As I am sure everyone here must have heard by now, one of the latest “hot” food trends is the Palaeolithic Diet (also known as the Paleo, Caveman, Stone Age and Hunter-Gatherer Diet).The idea originally started in the 1970s with gastroenterologist Walter L Voegtlin,and has gained a lot of momentum these days. Voegtlin noted that the caveman diet was like that of a carnivore, mostly fats and protein with small amounts of carbohydrates, and strangely considered that this was the most healthful diet for humans. Prescribed foods include meats, fish, seafood, fruits, vegetables, oils, seeds and nuts. The diet bans dairy products, cereal grains, legumes, potatoes,.processed foods and refined sugars.(Also no alcohol is allowed. In other words, this is a pre-agricultural diet.

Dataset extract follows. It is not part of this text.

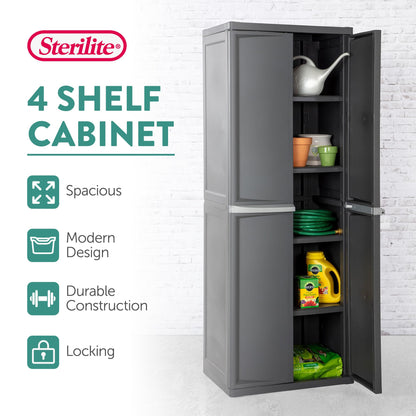 Sterilite 4 Shelf Cabinet, Lockable Utility Storage w/ Adjustable Shelves, Gray - Plastic Shelving Unit for Organizing Garage, Pantry, Basement, Laundry Room or Mudroom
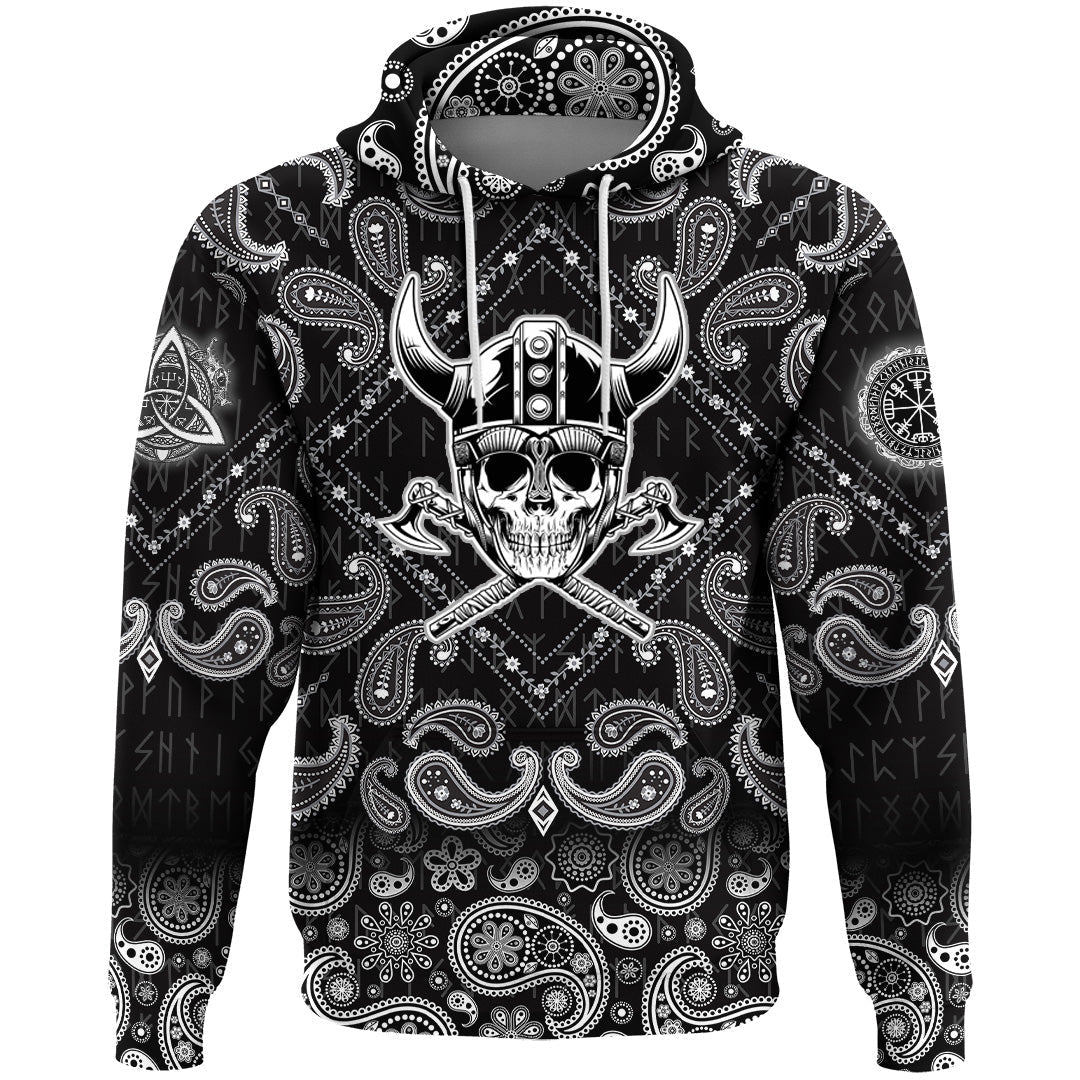 Viking Hoodie Skull Warrior Emblem with Bandana Paisley Style RLT12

The principle behind this regime is that we should eat only natural, organic, unprocessed food as far as possible. Well, so far, so good – I am sure we would all endorse that. But it also stipulates a ton of meat! The devotees of this diet claim that since humans have evolved from hunter-gatherers, our systems are no longer in tune with the modern diet which results from agriculture. Apparently we should mimic the eating habits of our Palaeolithic ancestors, who existed over 20 000 years ago as nomads in the wilderness. I find this nutritional theory highly amusing – is what prehistoric peoples did a good model for how we should live today? Should we all live in caves as well, and have none of the trappings and comforts of modern life?
One way in which this diet may be healthy is that the historical Paleos had to endure periods of famine out of necessity, and it is actually beneficial for us to fast intermittently, to give our systems a break. However the modern Paleos don’t do that! What they do is greatly restrict foods which are a product of modern farming. So besides only prescribing natural unprocessed foods, the Paleos eschew dairy, as this comes from modern farming practices. I can't fault them there – dairy products are generally not very healthy, notwithstanding all the cruelty involved in this particular industry. It appears that only around 35% of the world's population can metabolise dairy products, and I am sure it is significant that this is a minority figure.
The science behind this diet is mostly all-wrong though – in actual fact, archaeologists have discovered humans were already eating legumes, grains and tubers at the period in question. It makes sense when you consider that humans have mainly developed flat teeth, like herbivores, for grinding, rather than sharp incisors for tearing flesh (apologies for being so graphic! Just trying to make a point).
I am a vegan mainly for ethical reasons, so I would not follow the Paleo Diet in any case, even if it was proved to be the most healthy of all (which I am quite sure it is not!) I am fairly certain I would continue to be vegan, even if it made me ill. But fortunately it just so happens that the most ethical diet is also the most healthy for humans, the most sustainable for this planet, and the one that can feed the most people and help to end starvation in the world. So it's a no-brainer really! We are not prehistoric humans, foraging desperately to survive on whatever we can find most easily – these days we can choose. It appears we have evolved to live off almost any type of food, but since we are homo sapiens we can make choices. We can choose the diet that leads to the greater good for the world., i.e. the vegan one. So I'll stick to this one, since I am not Wilma Flintstone!